Time out for a Life in Jazz

Brubeck knew that the quality of the music you made didn’t depend on the colour of your skin…

December 17, 2012 08:22 pm | Updated 08:31 pm IST

Brubeck started touring colleges to give concerts in the 1950s. Photo: AP

Brubeck started touring colleges to give concerts in the 1950s. Photo: AP

Dave Brubeck (1920-2012), jazz pianist par excellence, went to college to study veterinary science to be able to look after the livestock at his father’s cattle ranch. But he switched to music to nurture the talent he had inherited from his pianist mother. Yet the hoofbeats of the horses he rode came back later into the polyrhythms he wove into his jazz.

He brought them into the 1959 album he made with his quartet (Paul Desmond, alto saxophone; Eugene Wright, bass; Joe Morello, drums). Time Out was the first jazz album to sell a million copies, it’s most famous track ‘Take Five’, the first jazz single to sell a million. The year before, the Brubeck quartet had returned from a tour of Europe and Asia. At AIR’s studios in Chennai they listened to, and later jammed with, the mridangam player Palani Subramania Pillai for what might have been their first formal musical introduction to polyrhythm and the idea for ‘Take Five’, credited to Desmond, in a time of five beats to the measure. From that year, my first at college, I still remember some of my peers carrying the LP around as a badge that they were “with it”.

Its popularity didn’t make Brubeck famous; that he already was since the early 1950s when he got the idea of touring colleges and giving concerts that spawned a series of albums and brought jazz out from bars and dance-halls into auditoria. By 1954 he was on the cover of Time , only the second jazzman to get there after Louis Armstrong, and before Duke Ellington. Brubeck said later that getting on Time before Ellington bothered him, and thought he was favoured because he was white.

He couldn’t read sheet music, and nearly got chucked out of college, but for the teachers who recognised that his natural talent overrode this failing. His studies were interrupted by World War II, during which he was saved from combat duty by being put at the head of a jazz band, which at his insistence was integrated, unlike the US Army at the time.

Brubeck knew that the quality of the music you made didn’t depend on the colour of your skin and by the early 1950s he had black musicians among his colleagues. Of his classic quartet, Wright was black. He refused to break it up for tours of the Southern states, turning down lucrative contracts.

Armstrong, like Ellington, was one of his idols and by the early 1960s he was occasionally performing with him, while for Ellington he wrote ‘The Duke’, one of the greatest hits of his own career and a hit for many other musicians, including Miles Davis.

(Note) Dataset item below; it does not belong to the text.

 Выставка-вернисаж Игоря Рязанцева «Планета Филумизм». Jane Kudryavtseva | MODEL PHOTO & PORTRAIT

In those days he wondered whether his quartet was right for the job when they were asked to back the great blues singer Jimmy Rushing. Rushing overcame Brubeck’s diffidence by insisting, “Man, I’ve been listening to you and I know you’re the right group!”

Although Brubeck didn’t recognise the colour of a musician’s skin, many people didn’t understand that he stood shoulder to shoulder with the black giants who had developed and nurtured jazz. The giants themselves did. On a tour of Europe with Willie “the Lion” Smith, the Lion, Ellington’s mentor, would play a few solo pieces before the Brubeck quartet went on stage. On one occasion, Brubeck was giving an interview backstage just as Smith passed by to open the concert.

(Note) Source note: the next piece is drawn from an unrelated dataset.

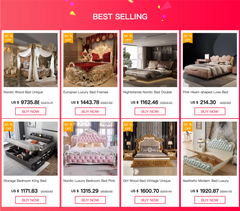 Organizer Bedroom Bed Queen Size Multifuncion King Upholstered Bed Frames Luxury Camas De Matrimonio Dormitorio Furnitures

The interviewer, as provocative as he was ignorant, said, “Isn’t it true, Mr Willie the Lion Smith, that no white man can play jazz?”

Smith kept advancing towards them, took Brubeck by the arm and just told the interviewer, “I want you to meet my son.”

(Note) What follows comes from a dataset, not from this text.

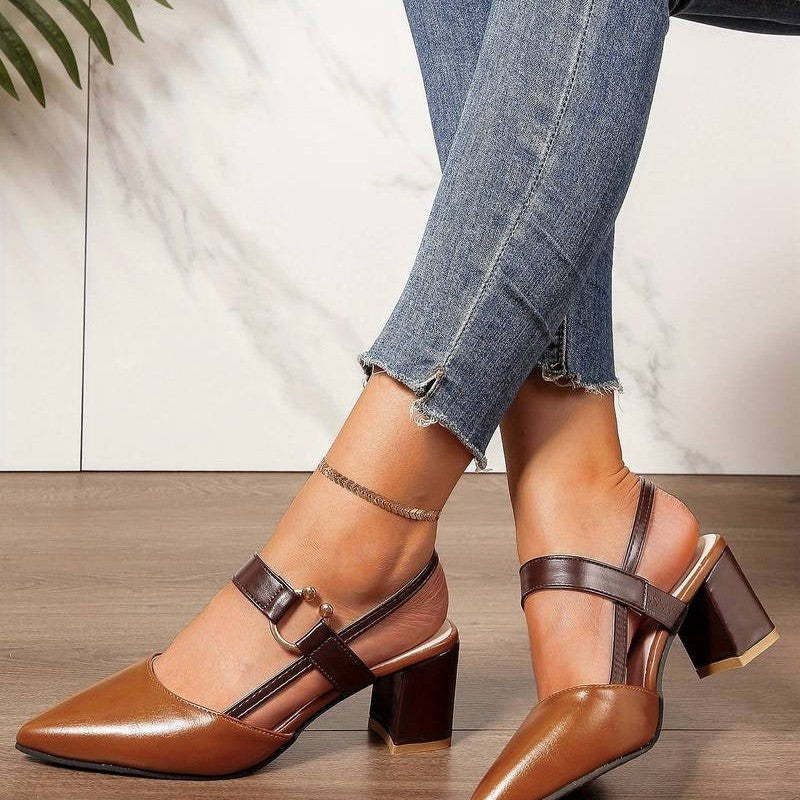 Orthopedic Heels for Women Proper Support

Not all great musicians are nice men. Brubeck was not just nice; his personal life was exemplary. Deeply religious, he devoted much of his later years to blending jazz with spiritual music.

But he never gave up his jazz vocation. As late as 2010, pushing 90 and fitted recently with a pacemaker, he was at the Monterey and Newport Jazz Festivals.

He was felled on his way to a cardiologist’s appointment on December 5. His 92nd birthday celebration concert the next day was turned into a memorial. It was “time out” for him, but there can never be a time out for his music.